Problem statement:
Please give the records below back in full, exactly as shown.

·····

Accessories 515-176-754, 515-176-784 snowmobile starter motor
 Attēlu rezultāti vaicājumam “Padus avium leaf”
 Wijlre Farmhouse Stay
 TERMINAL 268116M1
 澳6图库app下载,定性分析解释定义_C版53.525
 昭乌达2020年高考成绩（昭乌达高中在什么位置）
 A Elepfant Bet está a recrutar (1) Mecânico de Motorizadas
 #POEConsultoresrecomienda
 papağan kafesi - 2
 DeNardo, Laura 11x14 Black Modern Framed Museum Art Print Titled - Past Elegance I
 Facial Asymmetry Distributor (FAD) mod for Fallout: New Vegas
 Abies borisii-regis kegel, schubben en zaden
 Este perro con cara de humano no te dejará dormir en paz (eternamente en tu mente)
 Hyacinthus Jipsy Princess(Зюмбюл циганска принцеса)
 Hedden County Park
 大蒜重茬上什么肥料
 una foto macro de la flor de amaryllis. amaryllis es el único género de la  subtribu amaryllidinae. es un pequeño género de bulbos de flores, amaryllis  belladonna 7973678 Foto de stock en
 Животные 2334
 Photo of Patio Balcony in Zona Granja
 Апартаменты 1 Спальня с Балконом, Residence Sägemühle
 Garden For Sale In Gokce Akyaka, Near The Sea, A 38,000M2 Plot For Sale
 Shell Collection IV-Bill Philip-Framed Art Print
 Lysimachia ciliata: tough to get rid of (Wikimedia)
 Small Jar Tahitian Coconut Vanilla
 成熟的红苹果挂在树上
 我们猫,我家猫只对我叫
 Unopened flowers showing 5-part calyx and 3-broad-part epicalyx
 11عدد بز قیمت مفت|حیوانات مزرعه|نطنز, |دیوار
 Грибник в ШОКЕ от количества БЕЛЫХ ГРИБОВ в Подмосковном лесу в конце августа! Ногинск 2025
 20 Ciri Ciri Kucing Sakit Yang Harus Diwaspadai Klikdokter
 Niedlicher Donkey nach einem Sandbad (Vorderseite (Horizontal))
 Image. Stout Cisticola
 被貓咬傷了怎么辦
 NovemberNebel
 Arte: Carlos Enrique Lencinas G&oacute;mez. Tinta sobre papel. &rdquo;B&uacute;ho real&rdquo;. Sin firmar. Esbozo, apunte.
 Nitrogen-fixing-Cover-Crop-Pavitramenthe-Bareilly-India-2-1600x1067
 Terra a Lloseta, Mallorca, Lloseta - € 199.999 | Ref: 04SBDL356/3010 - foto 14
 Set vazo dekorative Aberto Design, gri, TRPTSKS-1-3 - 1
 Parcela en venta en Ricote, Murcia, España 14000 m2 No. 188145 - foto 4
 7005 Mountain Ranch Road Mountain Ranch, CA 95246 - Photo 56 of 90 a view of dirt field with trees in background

·····

Written solution:
Accessories 515-176-754, 515-176-784 snowmobile starter motor
 Attēlu rezultāti vaicājumam “Padus avium leaf”
 Wijlre Farmhouse Stay
 TERMINAL 268116M1
 澳6图库app下载,定性分析解释定义_C版53.525
 昭乌达2020年高考成绩（昭乌达高中在什么位置）
 A Elepfant Bet está a recrutar (1) Mecânico de Motorizadas
 #POEConsultoresrecomienda
 papağan kafesi - 2
 DeNardo, Laura 11x14 Black Modern Framed Museum Art Print Titled - Past Elegance I
 Facial Asymmetry Distributor (FAD) mod for Fallout: New Vegas
 Abies borisii-regis kegel, schubben en zaden
 Este perro con cara de humano no te dejará dormir en paz (eternamente en tu mente)
 Hyacinthus Jipsy Princess(Зюмбюл циганска принцеса)
 Hedden County Park
 大蒜重茬上什么肥料
 una foto macro de la flor de amaryllis. amaryllis es el único género de la  subtribu amaryllidinae. es un pequeño género de bulbos de flores, amaryllis  belladonna 7973678 Foto de stock en
 Животные 2334
 Photo of Patio Balcony in Zona Granja
 Апартаменты 1 Спальня с Балконом, Residence Sägemühle
 Garden For Sale In Gokce Akyaka, Near The Sea, A 38,000M2 Plot For Sale
 Shell Collection IV-Bill Philip-Framed Art Print
 Lysimachia ciliata: tough to get rid of (Wikimedia)
 Small Jar Tahitian Coconut Vanilla
 成熟的红苹果挂在树上
 我们猫,我家猫只对我叫
 Unopened flowers showing 5-part calyx and 3-broad-part epicalyx
 11عدد بز قیمت مفت|حیوانات مزرعه|نطنز, |دیوار
 Грибник в ШОКЕ от количества БЕЛЫХ ГРИБОВ в Подмосковном лесу в конце августа! Ногинск 2025
 20 Ciri Ciri Kucing Sakit Yang Harus Diwaspadai Klikdokter
 Niedlicher Donkey nach einem Sandbad (Vorderseite (Horizontal))
 Image. Stout Cisticola
 被貓咬傷了怎么辦
 NovemberNebel
 Arte: Carlos Enrique Lencinas G&oacute;mez. Tinta sobre papel. &rdquo;B&uacute;ho real&rdquo;. Sin firmar. Esbozo, apunte.
 Nitrogen-fixing-Cover-Crop-Pavitramenthe-Bareilly-India-2-1600x1067
 Terra a Lloseta, Mallorca, Lloseta - € 199.999 | Ref: 04SBDL356/3010 - foto 14
 Set vazo dekorative Aberto Design, gri, TRPTSKS-1-3 - 1
 Parcela en venta en Ricote, Murcia, España 14000 m2 No. 188145 - foto 4
 7005 Mountain Ranch Road Mountain Ranch, CA 95246 - Photo 56 of 90 a view of dirt field with trees in background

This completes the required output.